When you are single, working, and going to school at the same time, you are fully reliant upon yourself. I have a single-income, no one to take my car to the shop when it breaks, no one to cook or clean for me, no one to take my dog to the vet when he is sick, no one to wait for the Comcast guy etc. So, every change to your day is fully reliant upon you. Therefore, since I am working and going to class six days per week and studying at night, this does not leave much time to solve issues of daily life. Additionally, this forces me to make friends and form a network, because without it, I wouldn’t make it.
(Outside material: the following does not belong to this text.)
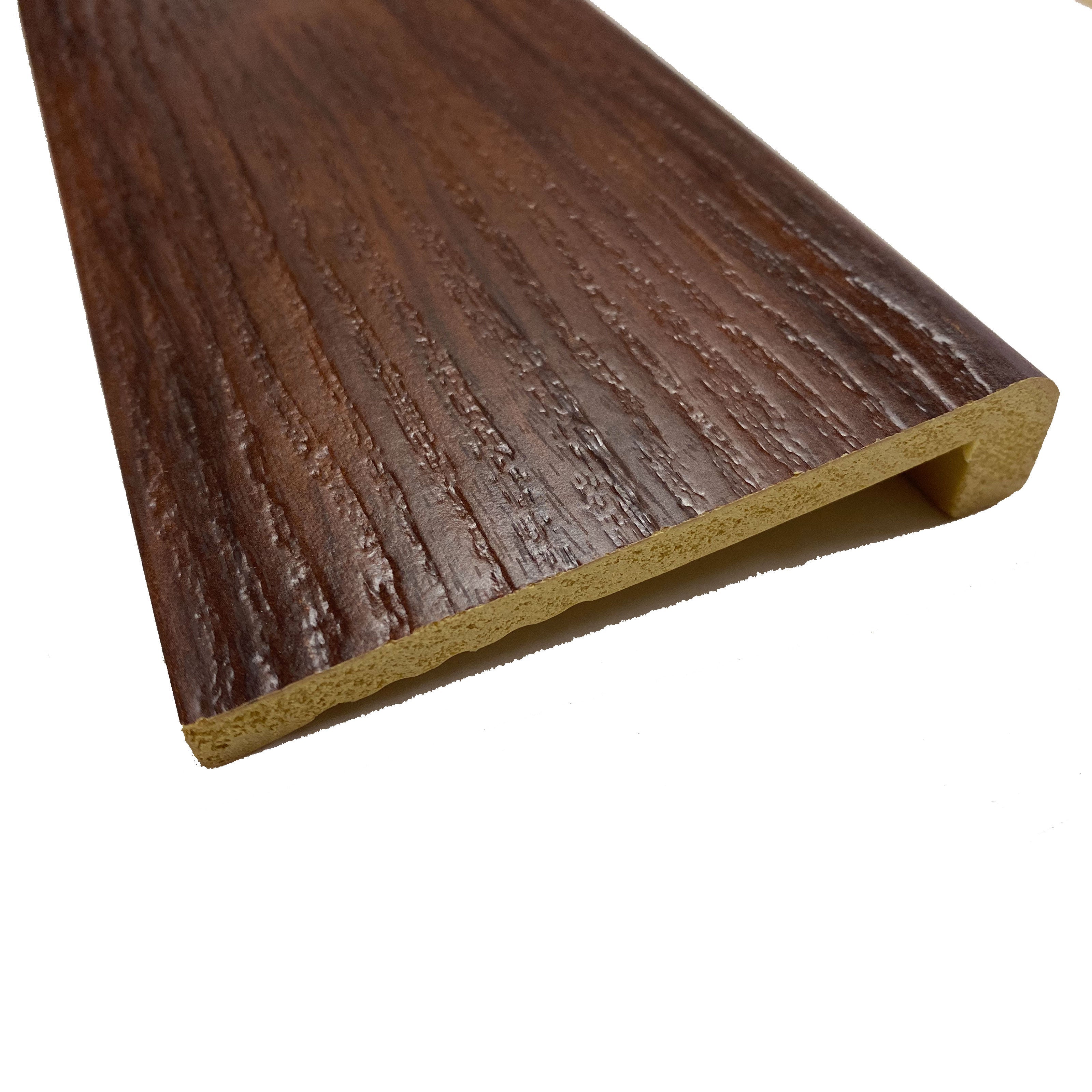 Couvre-plinthe, couvre-plinthe en duropolymère polystructuré 100x25 effet bois ou blanc - Chêne blanchi (prix au mètre linéaire) - 6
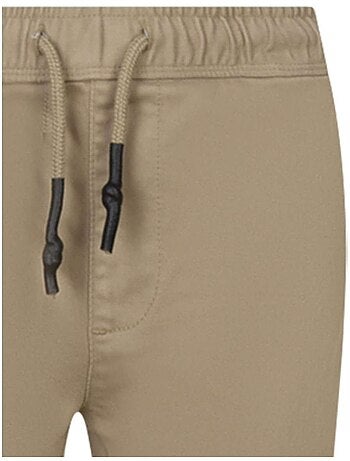 TEDDY SMITH - Pantalon coton mélangé droit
So, here’s the deal. I’m truthfully not complaining about my life. I’m laying out all of my baggage for all of the single people working and going to grad school simultaneously because it’s tough. I’m not saying my situation is harder than everyone else because I am 100% aware that many people have a much more difficult time than me. However, I’m just expressing that everyone fights a different battle and deals with that battle in a different way. Getting out of bed every day, being happy, and pursuing my dreams takes conscious effort and is an active choice. I create my happiness, which in itself, is not easy.
This brings me to the real reason I’m writing this post. Comparing lives is not an effective coping mechanism for any of us. However, validation might be. All anyone actually wants is validation. I want validation that my situation can be difficult at times, but I also validate that each and every one of my classmates and coworkers deals with silent battles as well. Attempting to one-up each other instead of having empathy doesn’t get us anywhere. Therefore, next time someone in your life is having a hard time, listen to them talk and validate their feelings instead of judging.
Related, from my favorite book, To Kill a Mockingbird, when Atticus is talking to Scout he says: “First of all… if you can learn a simple trick, Scout, you’ll get along a lot better with all kinds of folks. You never really understand a person until you consider things from his point of view … until you climb into his skin and walk around in it.”
This may be one of my favorite life lessons. Listen, don’t judge, validate, love and you’ll get along better with all kinds of folks. Life is complicated for everyone these days, single or married, kids or no kids, grad student or not. So be nice and save the envy for another day.